Is Dylan really that ashamed of me? I know I would be if I was him.
"J-j-just l-leave m-me a-a-alone." I say and look down as I climb on the bus.
"Ryland." Dylan says but I ignore him. I put my headphones in and drain out the world.
-----
Its third period when I encounter Adam and his gang.
Two of them hold me up against the lockers while I struggle to get away from them. Giving up I just let them hold me there without a struggle.
"Rumor has it you cut yourself Queerland. Is it true?" Adam asks.
"N-n-n-n-o." I stutter out.
"I don't believe you. Pull his sleeves up." Adam instructs the guys to do and they of course obey his demand.
"You do cut! Little faggot try going the other way maybe you'll actually do something to yourself." Adam says and his buddies start laughing along with him. That's when I realize one of them has their phone out and is recording me.
Adam takes his fist and connects it to my head. My cheek slaps against the locker cutting it. I know there's a bruise from his fist too.
The group soon leaves and I realize the bell has rung. I slid down the lockers so I'm sitting on the floor. Tears flow down my cheek like a river. I get up from where I'm sitting and walk to the bathroom nobody uses. I cry my eyes out like the little baby I am. God I want to cut. I want to so fcuking bad. But I promised dad I wouldn't. But I have too. No I can't. I have a war in my head of deciding whether I should or not.

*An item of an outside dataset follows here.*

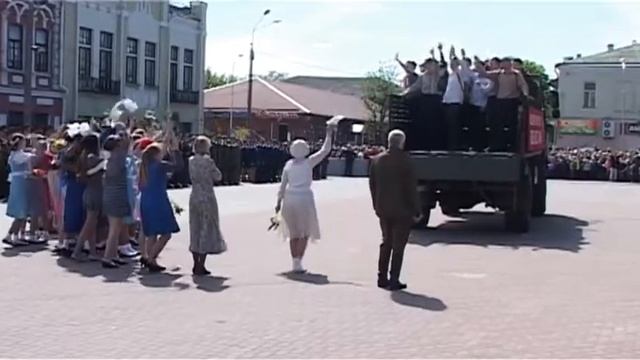 Бобруйск отметил юбилей Победы смотреть онлайн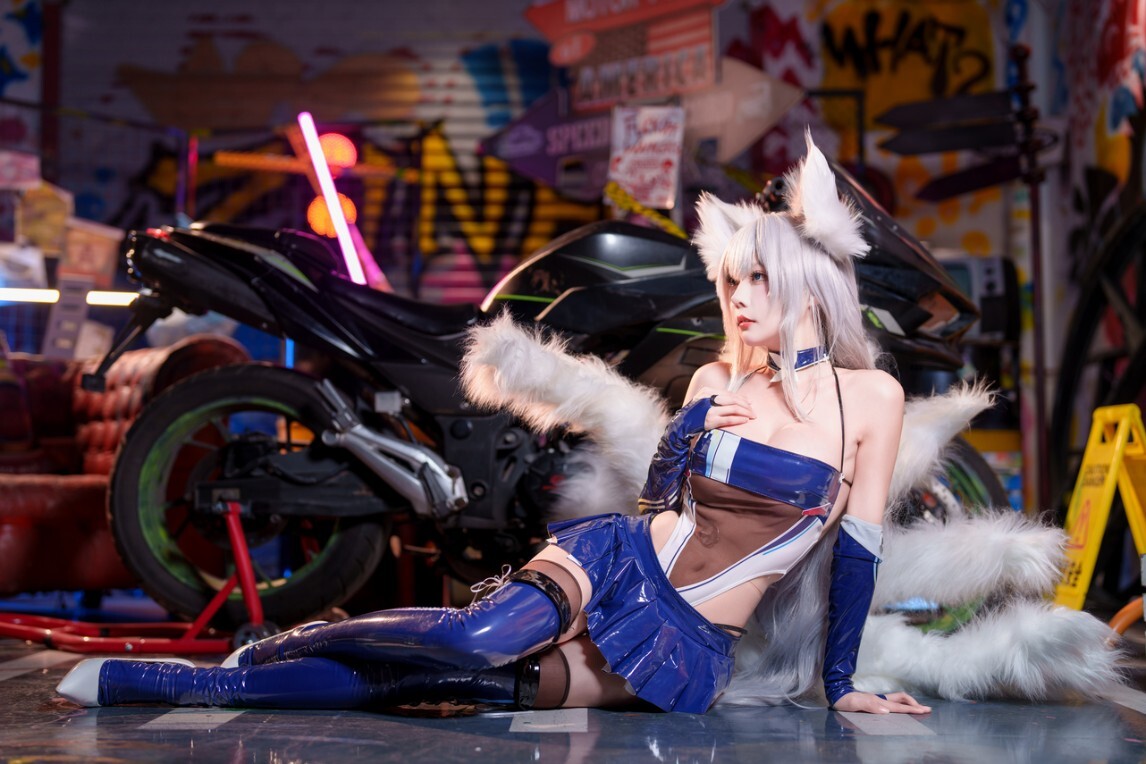 香草喵露露 - 2025年01月舰长 信浓赛车 [12P1V-1.15GB]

I decide not to. I picture dad sitting in front of me crying. It broke my heart. I want to talk to him. I want to call him.
I dial his number and wait for him to answer.
"Hello?"
"D-D-dad?"
"Ry I'm in a meeting I can't talk."
"B-but.."
"I'll call you later. I have to go Ryland."
"B-bye." I say softly but he has already hung up.
Tears flow faster than they have ever before. He won't care if I do it just one little cut. It won't matter. I'll say it's from the time before.
I grab my back pack and search threw it. I find what I'm looking for and do the only thing I know how to do. Everybody knows what I do so why stop now?
---
Lunch rolls around and I'm still in the bathroom. I've stopped crying by now but I can't stop thinking. I get up and splash some water on my puffy red face. I grab my bag and head out the door. I walk to the lunch room and sit in my normal seat in the corner and take my bottle of water and bag of lunch out. I decide on what to eat. Cheese-its. they're my favorite. I put the rest of my lunch in my bag and take little bits of my cheese-its. I go on my phone and see if my dad has tried to call me. Nope he hasn't. He probably won't either. I thought he said he was going to change. Be home more. Whatever I guess people don't keep there promises. I know I sure don't.
Dylan's POV
-before lunch-
"Dylan why are with my brother?"
"I don't know. I feel bad for him I guess."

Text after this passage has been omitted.